On April 12, 1947, the New York Amsterdam News reported exciting news from the sporting world. “Jackie Robinson became the first Negro to crash major league baseball when he was signed by Branch Rickey of the Brooklyn Dodgers at 3:30 P.M. Thursday afternoon when Robinson’s contract was purchased by the Brooklyn Dodgers from the Montreal Royals,” Amsterdam editor Dan Burley wrote. “It is still a dark mystery whether Robinson will play the opening game, and if he will get the nod for the first base post. But in whatever capacity Jackie Robinson now becomes the first Negro to crack the hoary-headed-lily-white tradition of lily-whitism in major league baseball.”
When the twenty-eight-year-old Robinson made his major league debut on April 15, it was covered in black newspapers across the country. The Chicago Defender ran a banner headline, “Jackie Robinson Opens the Door...Makes History,” while the Pittsburgh Courier noted, “Fans Throng to Jackie’s Debut.” “It’s really official now,” the Cleveland Call and Post said. “When Jackie Robinson, brilliant Negro infielder walked out from the Dodger dugout at Ebbetts Field Thursday to take his position at first for the Bums, his long, uphill struggle to surmount the barrier against Negro players entering the Major League climaxed with a reverberation that was heard around the nation. In millions of Negro homes, Junior went down into the cellar or dug into his ‘treasure chest’ for that battered fielders mitt, and from now on he will pound it with a new determination when the gang lines up to choose sides on the sandlots.” The Norfolk Journal and Guide’s headline, “Robinson First in Majors Since Fleetwood Moses, in 1884,” gestured toward a longer history of black professional baseball players (though the paper misordered Moses Fleetwood Walker’s name). The Los Angeles Sentinel proudly noted that Robinson was a Pasadenan and that Jackie and his wife Rachel were graduates of the University of California, Los Angeles. The Sentinel also reported that “some 5,000 Negroes streaked across New York from Harlem last Friday to swell the buzzing crowd to 14,282.”
In the Pittsburgh Courier, editor William Nunn coupled his praise of Robinson with a word of caution to black baseball fans. “Now the real challenge faces Negro America!,” Dunn wrote. “The challenge of taking this tremendous victory in stride! The challenge to keep our big mouths closed and give Jackie the chance to PROVE he’s major league calibre! The challenge to conduct ourselves at these ball games in the recognized American way! The challenge to NOT recognize the appearance of Jackie Robinson as the signal for a Roman holiday, with the Bacchanalian orgy complex! The challenge to leave whiskey bottles at home or on the shelves of the liquor store...and to leave our loud talking, obscene language and indecent dress on the outside of the ball parks.” The Chicago Defender’s Fay Young made a similar point in his column. “Robinson will not be on trial as much as the Negro fan,” Young warned. “The Negro fan has been the ’hot potato’ dodged by managers who would have taken a chance by signing a Negro player. The unruly Negro has and can set us back 25 years...The Negro fan can help Robinson. The Negro fan can ruin him. Robinson is an American citizen, an ex-army officer, a ball player and a gentleman. Let us try and meet his qualifications as a gentleman. If you Chicagoans have got to raise a lot of hell, do a lot of cussing, go somewhere else” (click to view PDF).
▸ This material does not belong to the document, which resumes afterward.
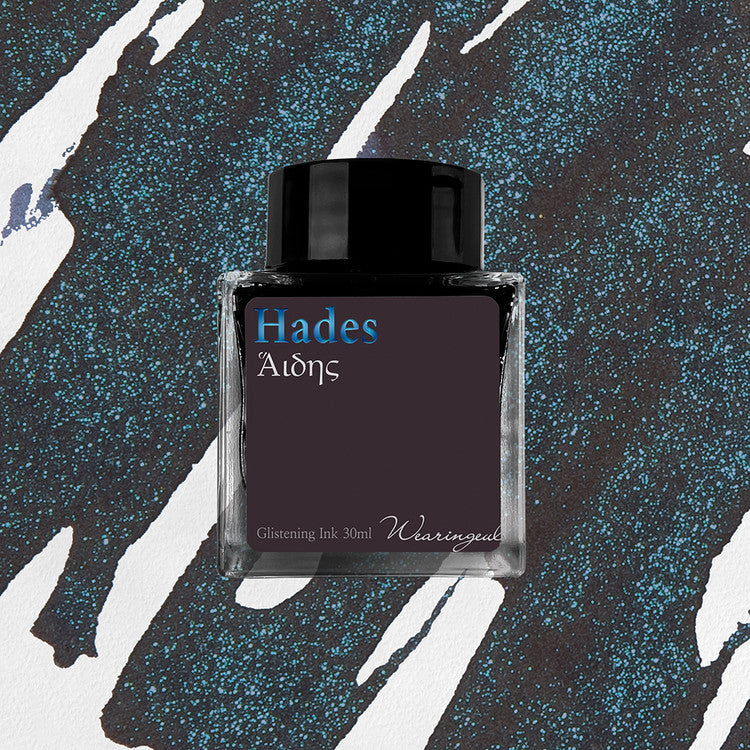 Wearingeul World Myths and Legends Fountain Pen Ink 30ml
Finally, the Pittsburgh Courier carried a column from Jackie Robinson. “I know now that dreams do come true,” Robinson said. “I will never stop trying. I hope I’ll get better and better every day and help bring a pennant and world series to Brooklyn. Being up here is absolutely wonderful. That’s why I’m a believer in fairy tales now. You see, it actually happened to me.”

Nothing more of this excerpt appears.